Ora vi chiedo un piccolo sforzo, perché la capriola temporale all’indietro che vi chiedo è davvero notevole. Ben 62 anni fa Sidney Lumet, regista eccezionale, esordiva nel cinema col capolavoro di cui disquisiamo oggi: La parola ai giurati, in italiano, Twelve Angry Men, in originale. Dodici uomini, per l’appunto, chiusi in una camera di consiglio per decidere la sorte di un ragazzo accusato di omicidio. Un campionario indimenticabile di brave persone, chi più chi meno, pronte a condannare un disgraziato alla pena capitale pur di tornarsene a casa in tempo per la partita in tv. Ma c’è Henry Fonda, tra loro. Non un eroe e nemmeno un santo. Solo un americano onesto, che non sopporta di avere sulla coscienza il peso di un ragionevole dubbio non risolto. Li convincerà tutti, uno a uno, e noi siamo lì accanto a lui, tifando per lui fino all’ultimo. Magari persuasi che nella vita reale saremmo al suo posto, come lui indomiti combattenti, non certo nelle file della marmaglia benpensante e ipocrita. Ma ne siamo sicuri?

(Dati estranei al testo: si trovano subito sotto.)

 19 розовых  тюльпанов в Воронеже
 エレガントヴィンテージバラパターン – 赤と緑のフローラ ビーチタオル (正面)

La galleria dei colpevolisti è una passerella di eccezionali caratteristi americani, alcuni divenuti anche protagonisti di primo piano, come Martin Balsam e l’irriducibile Lee J. Cobb. Facce indimenticabili, per un film che ho visto la prima volta in tv all’età di sette o otto anni, ma che di certo mi ha insegnato qualcosa. Fatelo vedere ai vostri figli, anzi, rivediamolo tutti insieme, questo capolavoro.

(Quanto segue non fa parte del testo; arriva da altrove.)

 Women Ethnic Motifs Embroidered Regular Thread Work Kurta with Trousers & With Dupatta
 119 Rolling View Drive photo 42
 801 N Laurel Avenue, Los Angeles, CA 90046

Oggi sono tempi duri per i garantisti, Henry Fonda è morto da tempo immemorabile e le condanne mediatiche fioccano che è un piacere. A portare alta la bandiera di papà Henry nell’America trumpiana resta solo Jane, sua figlia ottantenne ma ancora in prima linea contro il sopruso. Buon sangue non mente.

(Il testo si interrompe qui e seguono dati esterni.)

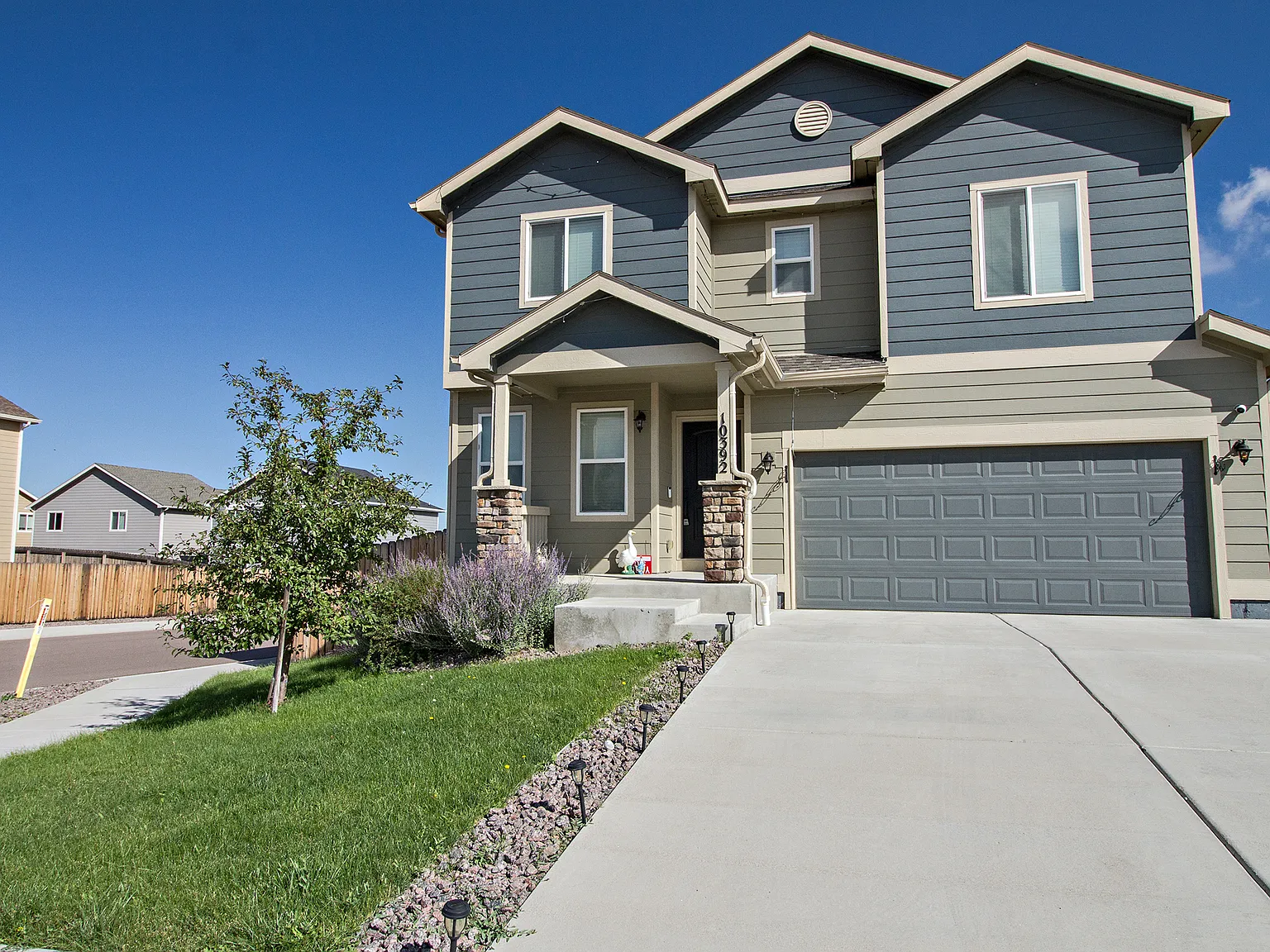 4 bed, 2788 sqft, $2,900 — Photo 2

Sempre in America, nel 1957, usciva un disco memorabile. Jerry Lee Lewis, pianista e protorocker infernale infiammava il pubblico (è proprio il caso di dirlo) lanciando a piene mani Great Balls of Fire, saltando come un indemoniato sul povero strumento, dal quale tirava fuori note martellanti e cariche di energia pura. “The Killer”, lo chiamavano, e basta guardare le sue performance per capire il perché.
Lo rovinò uno scellerato matrimonio, il terzo dei sette totali, con la tredicenne (avete letto bene) cugina Myra Brown. Jerry era il rivale di Elvis Presley, ma lo scandalo lo travolse irrimediabilmente. Qui non c’è spazio, per raccontare una vita al limite dell’assurdo, tra droga, alcool, pistole facili, sciagure familiari che basterebbero a riempire l’esistenza di una trentina di persone. Ma lui era “The Killer”.